At the end of March, Airbus’ consolidated order book was valued at € 574.5 billion (year-end 2012: € 525.5 billiona). The Airbus Commercial backlog amounted to € 554.2 billion (year-end 2012: € 505.3 billiona), which comprises 4,948 Airbus aircraft excluding ATR orders (year-end 2012: 4,682 units). Airbus Military’s order book was worth € 21.1 billion (year-end 2012: € 21.1 billion).

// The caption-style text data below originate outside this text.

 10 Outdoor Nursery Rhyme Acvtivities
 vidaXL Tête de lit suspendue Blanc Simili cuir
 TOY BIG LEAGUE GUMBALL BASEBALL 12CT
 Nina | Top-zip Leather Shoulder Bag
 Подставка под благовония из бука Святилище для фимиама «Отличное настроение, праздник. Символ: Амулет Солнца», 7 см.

Revenues at Eurocopter fell by 13 percent to € 1,038 million (Q1 2012: € 1,199 million) with deliveries of 58 helicopters (Q1 2012: 72 helicopters). The Division’s EBIT* declined by 69 percent to € 20 million (Q1 2012: € 64 milliona). Eurocopter has faced some revenue and EBIT* pressure arising from the technical problems with the Super Puma fleet. Flight restrictions have impacted both the delivery schedule and the service revenues generated by helicopter operations. A recovery is expected later in 2013 as Eurocopter has now identified the root cause for the technical issues and validation with the regulators is ongoing.

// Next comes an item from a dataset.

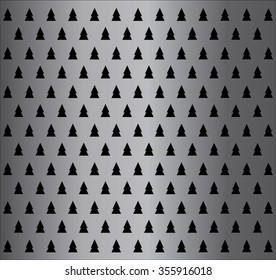Christmas tree metalic texture. Christmas background.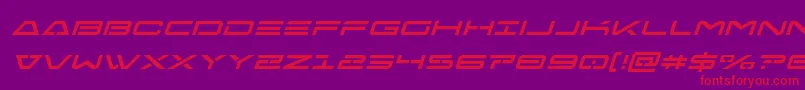 Freeagentital Font – Red Fonts on Purple Background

Sales and EBIT* one year earlier, in Q1 2012, benefited from a strong delivery performance, in particular for the Super Puma.

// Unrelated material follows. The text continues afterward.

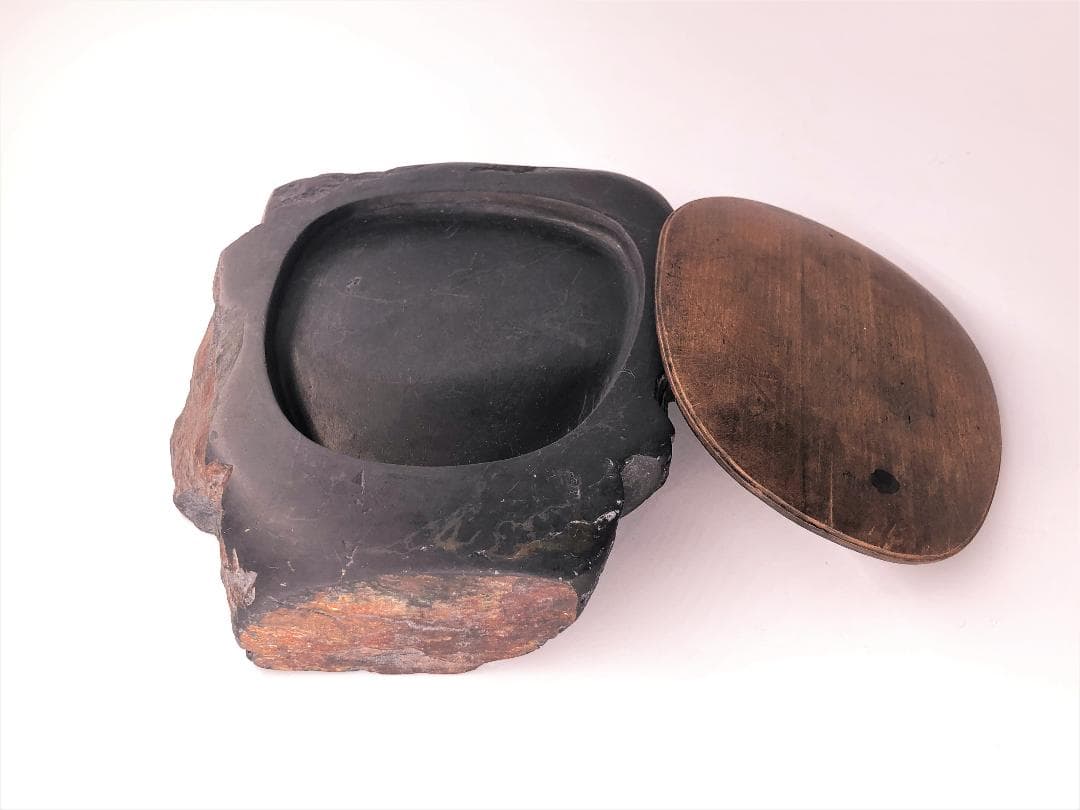 【 一茶刻銘 古硯 】　赤間石　　江戸時代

As anticipated, Eurocopter signed a Memorandum of Understanding with the German government reducing the overall number of helicopters to be delivered but with some rebalancing between types on the NH90 from TTH to naval NFH versions. Other discussions with key customers are ongoing.
In the first three months of 2013, Eurocopter booked 51 net orders (Q1 2012: 93 net orders). At the end of March 2013, the Division’s order book was worth € 12.7 billion (year-end 2012: € 12.9 billion), comprising 1,063 helicopters (year-end 2012: 1,070 helicopters).
Astrium’s revenues in the first quarter rose 3 percent to € 1,369 million (Q1 2012: € 1,325 million), with increases in Ariane 5 production sales and telecommunication satellites partially offset by a reduction in services. EBIT* was flat at € 66 million (Q1 2012: € 65 million) due to a slightly unfavourable sales mix.
Order intake in the first quarter stood at € 817 million (Q1 2012: € 1.2 billion). Aside from contracts from the European Space Agency related to Ariane 5 ME (Midlife Evolution) and Ariane 6, Astrium received a long-term contract to deliver France’s first military ultra-fast broadband satellite communications network.
Astrium completed the 54th consecutive successful Ariane 5 launch while the SPOT 6 satellite and Pléiades 1B satellites received in-orbit qualification. In April, the Astrium Services-operated Skynet 5D military satellite became fully operational. At the end of March 2013, the order book of Astrium was worth € 12.1 billion (year-end 2012: € 12.7 billion).
Cassidian’s revenues increased slightly to € 941 million (Q1 2012: € 925 million) with the EBIT* rising to € 7 million from € 5 milliona. As expected, the operational performance was in line with the first quarter of 2012. The new organisation of Cassidian is now fully operational with the implementation of the restructuring plan underway. Border security projects remain challenging in commercial and programme delivery.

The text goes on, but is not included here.